*** Block opens ***

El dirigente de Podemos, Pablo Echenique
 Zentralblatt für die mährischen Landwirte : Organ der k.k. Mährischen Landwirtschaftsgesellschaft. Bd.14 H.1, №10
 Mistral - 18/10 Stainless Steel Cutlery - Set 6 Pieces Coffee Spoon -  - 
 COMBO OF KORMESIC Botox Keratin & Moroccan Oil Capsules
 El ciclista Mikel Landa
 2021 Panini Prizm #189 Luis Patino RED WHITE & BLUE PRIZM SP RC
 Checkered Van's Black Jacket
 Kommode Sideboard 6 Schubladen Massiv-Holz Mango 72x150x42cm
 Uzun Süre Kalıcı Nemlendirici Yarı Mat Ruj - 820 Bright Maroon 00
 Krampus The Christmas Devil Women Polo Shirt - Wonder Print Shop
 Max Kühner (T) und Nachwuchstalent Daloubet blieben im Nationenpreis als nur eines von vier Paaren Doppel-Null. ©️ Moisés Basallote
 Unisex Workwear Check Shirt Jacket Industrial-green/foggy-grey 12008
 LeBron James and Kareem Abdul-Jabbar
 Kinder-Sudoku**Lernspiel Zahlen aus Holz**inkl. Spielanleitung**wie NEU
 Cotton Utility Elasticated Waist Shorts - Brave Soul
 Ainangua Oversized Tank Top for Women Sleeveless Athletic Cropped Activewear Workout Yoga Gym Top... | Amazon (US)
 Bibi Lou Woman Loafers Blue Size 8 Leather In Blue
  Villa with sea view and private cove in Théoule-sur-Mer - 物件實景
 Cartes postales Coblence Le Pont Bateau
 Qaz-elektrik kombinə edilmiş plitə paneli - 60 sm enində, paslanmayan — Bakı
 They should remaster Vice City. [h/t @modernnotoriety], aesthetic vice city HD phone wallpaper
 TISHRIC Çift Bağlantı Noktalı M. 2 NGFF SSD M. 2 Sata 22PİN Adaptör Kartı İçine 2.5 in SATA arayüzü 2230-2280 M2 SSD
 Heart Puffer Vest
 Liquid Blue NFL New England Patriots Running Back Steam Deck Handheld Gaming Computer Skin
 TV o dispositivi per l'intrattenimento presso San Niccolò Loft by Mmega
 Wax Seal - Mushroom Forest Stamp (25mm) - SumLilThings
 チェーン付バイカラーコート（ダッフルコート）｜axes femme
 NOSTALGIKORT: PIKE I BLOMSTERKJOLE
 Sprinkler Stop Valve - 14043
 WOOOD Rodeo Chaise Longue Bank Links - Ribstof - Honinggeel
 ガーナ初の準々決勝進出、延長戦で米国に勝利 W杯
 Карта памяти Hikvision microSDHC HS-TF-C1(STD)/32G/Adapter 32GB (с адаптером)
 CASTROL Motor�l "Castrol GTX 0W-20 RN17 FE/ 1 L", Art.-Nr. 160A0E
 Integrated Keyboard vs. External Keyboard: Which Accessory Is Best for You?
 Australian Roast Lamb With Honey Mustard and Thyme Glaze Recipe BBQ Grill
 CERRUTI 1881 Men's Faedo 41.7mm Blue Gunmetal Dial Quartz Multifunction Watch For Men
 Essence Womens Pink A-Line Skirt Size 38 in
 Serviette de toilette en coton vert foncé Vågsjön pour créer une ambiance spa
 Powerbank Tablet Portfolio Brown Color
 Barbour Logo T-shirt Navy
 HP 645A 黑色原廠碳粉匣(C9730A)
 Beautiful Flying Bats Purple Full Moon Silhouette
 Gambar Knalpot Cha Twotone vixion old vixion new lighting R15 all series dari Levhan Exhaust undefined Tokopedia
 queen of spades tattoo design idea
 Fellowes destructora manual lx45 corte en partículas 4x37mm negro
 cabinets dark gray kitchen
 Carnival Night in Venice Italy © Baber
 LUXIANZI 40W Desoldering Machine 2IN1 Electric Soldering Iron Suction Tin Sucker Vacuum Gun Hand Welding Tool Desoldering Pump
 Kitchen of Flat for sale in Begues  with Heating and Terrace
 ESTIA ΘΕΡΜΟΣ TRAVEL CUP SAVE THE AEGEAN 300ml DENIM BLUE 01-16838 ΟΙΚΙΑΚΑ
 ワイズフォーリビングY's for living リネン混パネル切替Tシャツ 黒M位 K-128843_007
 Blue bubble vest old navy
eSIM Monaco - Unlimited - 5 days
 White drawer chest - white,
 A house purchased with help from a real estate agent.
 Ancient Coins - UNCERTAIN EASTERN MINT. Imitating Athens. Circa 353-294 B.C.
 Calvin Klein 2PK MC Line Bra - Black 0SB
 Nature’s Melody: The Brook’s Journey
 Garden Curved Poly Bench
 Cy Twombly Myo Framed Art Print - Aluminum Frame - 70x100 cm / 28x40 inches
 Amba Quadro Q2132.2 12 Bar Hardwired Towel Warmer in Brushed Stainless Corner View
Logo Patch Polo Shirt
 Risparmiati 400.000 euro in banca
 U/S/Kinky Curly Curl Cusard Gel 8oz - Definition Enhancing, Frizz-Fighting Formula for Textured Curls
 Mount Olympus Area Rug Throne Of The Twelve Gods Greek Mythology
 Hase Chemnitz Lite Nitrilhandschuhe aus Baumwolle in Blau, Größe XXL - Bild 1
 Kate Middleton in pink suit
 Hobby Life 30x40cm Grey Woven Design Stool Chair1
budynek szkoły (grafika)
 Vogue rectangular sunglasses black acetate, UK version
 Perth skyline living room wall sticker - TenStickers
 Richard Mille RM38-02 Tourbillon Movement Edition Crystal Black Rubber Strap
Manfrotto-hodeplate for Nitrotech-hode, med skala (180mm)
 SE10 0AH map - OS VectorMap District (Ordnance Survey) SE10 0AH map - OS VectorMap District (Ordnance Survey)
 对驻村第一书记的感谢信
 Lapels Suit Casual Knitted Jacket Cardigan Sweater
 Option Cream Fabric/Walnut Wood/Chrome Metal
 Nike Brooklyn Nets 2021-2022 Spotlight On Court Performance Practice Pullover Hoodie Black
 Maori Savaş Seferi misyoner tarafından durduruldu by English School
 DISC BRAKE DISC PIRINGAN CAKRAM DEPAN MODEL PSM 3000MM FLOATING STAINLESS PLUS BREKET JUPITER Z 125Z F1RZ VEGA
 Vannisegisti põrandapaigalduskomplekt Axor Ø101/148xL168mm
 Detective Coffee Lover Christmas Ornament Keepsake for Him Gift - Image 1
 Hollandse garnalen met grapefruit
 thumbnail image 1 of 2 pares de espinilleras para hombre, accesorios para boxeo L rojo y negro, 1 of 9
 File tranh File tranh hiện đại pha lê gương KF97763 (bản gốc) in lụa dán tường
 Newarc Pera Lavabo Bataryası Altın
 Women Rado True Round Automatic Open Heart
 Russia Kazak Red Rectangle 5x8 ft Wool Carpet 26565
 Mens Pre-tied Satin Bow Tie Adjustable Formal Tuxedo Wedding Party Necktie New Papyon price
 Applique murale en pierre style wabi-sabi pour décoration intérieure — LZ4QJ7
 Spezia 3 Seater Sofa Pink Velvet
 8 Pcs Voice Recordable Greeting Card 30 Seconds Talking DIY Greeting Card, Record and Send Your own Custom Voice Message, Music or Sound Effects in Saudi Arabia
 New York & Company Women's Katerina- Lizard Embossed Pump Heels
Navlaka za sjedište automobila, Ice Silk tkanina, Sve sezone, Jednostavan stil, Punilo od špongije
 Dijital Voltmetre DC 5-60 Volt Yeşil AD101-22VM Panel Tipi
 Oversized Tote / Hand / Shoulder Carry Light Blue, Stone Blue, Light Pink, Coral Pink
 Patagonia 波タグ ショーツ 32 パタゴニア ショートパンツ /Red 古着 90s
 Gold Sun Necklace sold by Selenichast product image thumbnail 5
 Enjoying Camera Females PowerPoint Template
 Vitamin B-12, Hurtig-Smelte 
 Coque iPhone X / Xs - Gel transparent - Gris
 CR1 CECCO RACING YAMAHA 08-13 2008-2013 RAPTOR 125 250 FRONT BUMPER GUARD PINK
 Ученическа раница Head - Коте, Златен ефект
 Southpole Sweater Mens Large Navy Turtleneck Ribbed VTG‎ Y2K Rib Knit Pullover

*** Block closes ***

Instructions to follow | Look through the material above for the word "Pump" and copy every line that has it.

Your solution |
 LUXIANZI 40W Desoldering Machine 2IN1 Electric Soldering Iron Suction Tin Sucker Vacuum Gun Hand Welding Tool Desoldering Pump
 New York & Company Women's Katerina- Lizard Embossed Pump Heels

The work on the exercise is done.